◆ WHAT YOU WILL DO:
Set out exactly, line by line, the stretch of data below that begins at the line containing "[全品送料無料] トリップバッグ Blue" and ends at the line containing "המכינה שמעניקה למתמודדי", with both ends kept.

◆ RECORDS FOR THIS TASK:
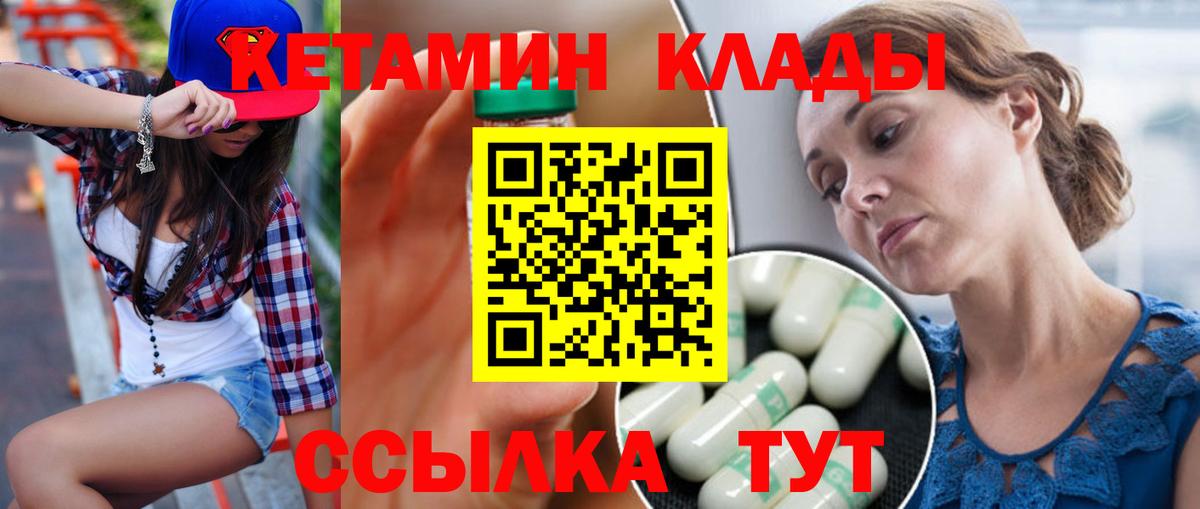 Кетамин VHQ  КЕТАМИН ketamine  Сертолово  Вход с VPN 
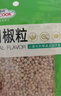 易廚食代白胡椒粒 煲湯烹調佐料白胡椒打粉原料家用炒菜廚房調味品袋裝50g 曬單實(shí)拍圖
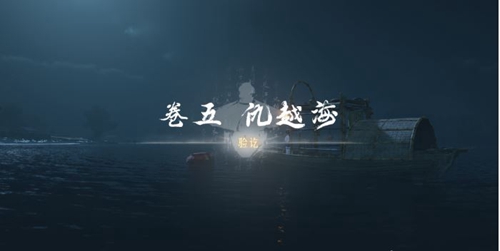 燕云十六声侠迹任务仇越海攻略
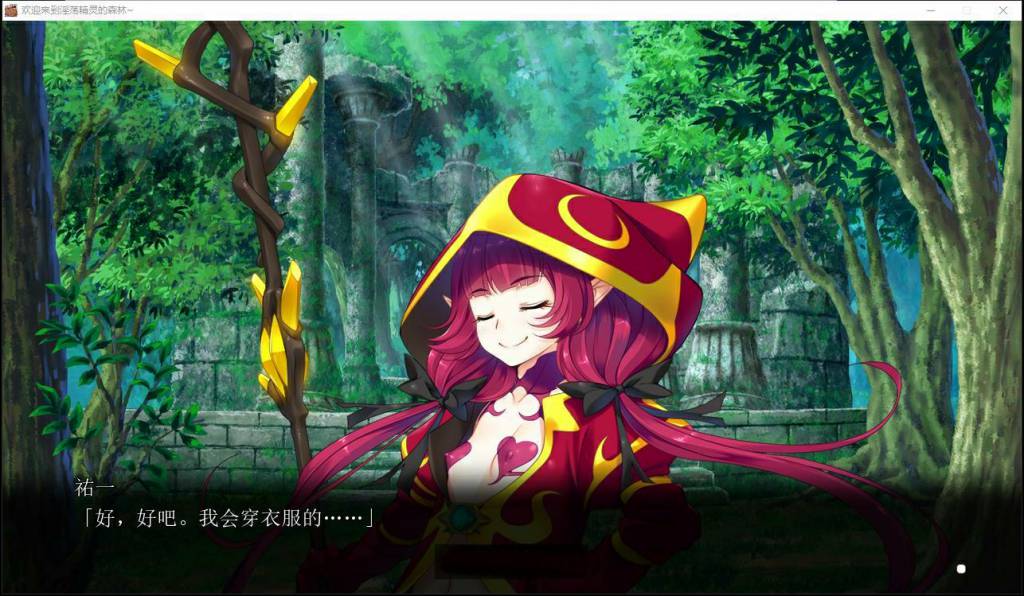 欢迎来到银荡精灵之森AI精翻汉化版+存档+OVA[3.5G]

---

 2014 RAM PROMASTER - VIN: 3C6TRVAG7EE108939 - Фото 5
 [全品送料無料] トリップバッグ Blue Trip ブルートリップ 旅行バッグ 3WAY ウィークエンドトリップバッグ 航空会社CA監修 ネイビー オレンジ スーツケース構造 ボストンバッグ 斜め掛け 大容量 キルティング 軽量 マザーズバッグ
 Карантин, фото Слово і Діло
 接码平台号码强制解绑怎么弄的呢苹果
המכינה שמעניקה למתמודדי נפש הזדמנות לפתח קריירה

◆ ANSWER AREA:
 [全品送料無料] トリップバッグ Blue Trip ブルートリップ 旅行バッグ 3WAY ウィークエンドトリップバッグ 航空会社CA監修 ネイビー オレンジ スーツケース構造 ボストンバッグ 斜め掛け 大容量 キルティング 軽量 マザーズバッグ
 Карантин, фото Слово і Діло
 接码平台号码强制解绑怎么弄的呢苹果
המכינה שמעניקה למתמודדי נפש הזדמנות לפתח קריירה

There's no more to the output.